Continuation du même sujet.


Charlemagne & ses premiers successeurs craignirent que ceux qu’ils placeroient dans des lieux éloignés ne fussent portés à la révolte ; ils crurent qu’ils trouveroient plus de docilité dans les ecclésiastiques : ainsi ils érigerent en Allemagne[1] un grand nombre d’évêchés, & y joignirent de grands fiefs. Il paroît, par quelques chartres, que les clauses qui contenoient les prérogatives de ces fiefs n’étoient pas différentes de celles qu’on mettoit ordinairement dans ces concessions[2], quoiqu’on voie aujourd’hui les principaux ecclésiastiques d’Allemagne revêtus de la puissance souveraine.

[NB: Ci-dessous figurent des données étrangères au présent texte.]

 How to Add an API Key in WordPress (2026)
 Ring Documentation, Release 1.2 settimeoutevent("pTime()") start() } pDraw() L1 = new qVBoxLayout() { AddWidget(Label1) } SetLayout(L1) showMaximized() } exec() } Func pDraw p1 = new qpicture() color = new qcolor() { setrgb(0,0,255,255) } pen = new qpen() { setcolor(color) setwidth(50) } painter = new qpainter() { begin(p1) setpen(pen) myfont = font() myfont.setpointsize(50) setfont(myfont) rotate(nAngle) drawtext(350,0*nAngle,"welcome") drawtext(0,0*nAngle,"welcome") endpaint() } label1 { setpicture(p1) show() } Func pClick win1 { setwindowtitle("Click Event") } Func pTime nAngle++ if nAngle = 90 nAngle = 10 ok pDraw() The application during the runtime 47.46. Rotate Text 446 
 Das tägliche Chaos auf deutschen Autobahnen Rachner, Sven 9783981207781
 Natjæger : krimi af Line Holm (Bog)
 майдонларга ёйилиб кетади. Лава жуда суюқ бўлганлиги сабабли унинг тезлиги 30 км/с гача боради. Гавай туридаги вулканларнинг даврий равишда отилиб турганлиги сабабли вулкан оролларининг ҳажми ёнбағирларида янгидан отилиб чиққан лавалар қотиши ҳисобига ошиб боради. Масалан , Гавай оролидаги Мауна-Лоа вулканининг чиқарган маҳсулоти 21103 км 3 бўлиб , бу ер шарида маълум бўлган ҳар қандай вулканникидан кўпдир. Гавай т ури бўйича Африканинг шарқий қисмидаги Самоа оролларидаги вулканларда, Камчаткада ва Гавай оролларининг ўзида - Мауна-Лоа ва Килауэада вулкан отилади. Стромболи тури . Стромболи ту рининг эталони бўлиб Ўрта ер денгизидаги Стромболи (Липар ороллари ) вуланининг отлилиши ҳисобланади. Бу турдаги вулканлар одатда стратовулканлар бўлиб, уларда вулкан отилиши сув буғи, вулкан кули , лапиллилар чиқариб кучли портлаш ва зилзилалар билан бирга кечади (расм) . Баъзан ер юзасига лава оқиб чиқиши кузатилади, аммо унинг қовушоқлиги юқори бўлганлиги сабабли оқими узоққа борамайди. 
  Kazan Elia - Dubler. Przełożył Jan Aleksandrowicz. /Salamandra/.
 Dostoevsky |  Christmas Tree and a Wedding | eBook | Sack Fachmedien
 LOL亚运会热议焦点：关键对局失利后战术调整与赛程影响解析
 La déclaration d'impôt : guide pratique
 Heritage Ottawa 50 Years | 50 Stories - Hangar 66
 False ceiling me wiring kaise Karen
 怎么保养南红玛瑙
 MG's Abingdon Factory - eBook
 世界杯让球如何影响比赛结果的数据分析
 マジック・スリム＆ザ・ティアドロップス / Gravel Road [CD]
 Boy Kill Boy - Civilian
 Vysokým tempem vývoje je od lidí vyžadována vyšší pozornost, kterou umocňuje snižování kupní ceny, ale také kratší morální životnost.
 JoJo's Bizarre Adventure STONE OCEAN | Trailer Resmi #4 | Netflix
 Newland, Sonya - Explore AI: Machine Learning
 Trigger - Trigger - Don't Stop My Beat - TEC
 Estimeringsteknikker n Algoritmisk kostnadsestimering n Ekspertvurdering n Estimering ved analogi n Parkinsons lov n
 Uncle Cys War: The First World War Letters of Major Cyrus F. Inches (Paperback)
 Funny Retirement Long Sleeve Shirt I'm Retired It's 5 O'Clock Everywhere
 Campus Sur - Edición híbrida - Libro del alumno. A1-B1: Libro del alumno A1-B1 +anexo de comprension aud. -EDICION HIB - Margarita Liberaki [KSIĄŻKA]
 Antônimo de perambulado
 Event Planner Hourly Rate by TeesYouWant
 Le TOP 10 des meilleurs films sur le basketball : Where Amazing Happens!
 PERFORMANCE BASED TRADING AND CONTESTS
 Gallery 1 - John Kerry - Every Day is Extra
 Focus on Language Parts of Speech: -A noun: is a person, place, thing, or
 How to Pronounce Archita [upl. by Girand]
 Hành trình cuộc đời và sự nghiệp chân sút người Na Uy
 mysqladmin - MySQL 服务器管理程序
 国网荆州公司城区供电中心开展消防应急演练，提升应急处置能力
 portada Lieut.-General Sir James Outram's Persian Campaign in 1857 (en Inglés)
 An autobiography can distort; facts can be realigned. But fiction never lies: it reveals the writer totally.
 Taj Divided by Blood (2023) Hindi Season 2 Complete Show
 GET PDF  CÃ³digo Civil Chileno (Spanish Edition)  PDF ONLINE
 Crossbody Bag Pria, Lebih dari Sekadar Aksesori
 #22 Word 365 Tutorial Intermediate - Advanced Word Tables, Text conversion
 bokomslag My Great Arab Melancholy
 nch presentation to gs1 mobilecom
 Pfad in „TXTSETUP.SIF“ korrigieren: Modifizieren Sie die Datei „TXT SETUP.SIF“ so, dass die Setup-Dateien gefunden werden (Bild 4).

Quoi qu’il en soit, c’étoient des pieces qu’ils mettoient en avant contre les Saxons. Ce qu’ils ne pouvoient attendre de l’indolence ou des négligences d’un leude, ils crurent qu’ils devoient l’attendre du zele & de l’attention agissante d’un évêque : outre qu’un tel vassal, bien loin de se servir contr’eux des peuples assujettis, auroit au contraire besoin d’eux pour se soutenir contre ses peuples.


  1. Voyez, entr’autres, la fondation de l’archevêché de Brême, dans le capitulaire de 789, édit. de Baluze, p. 245.
  2. Par exemple, la défense aux juges royaux d’entrer dans le territoire pour exiger les freda & autres droits. J’en ai beaucoup parlé au livre précédent.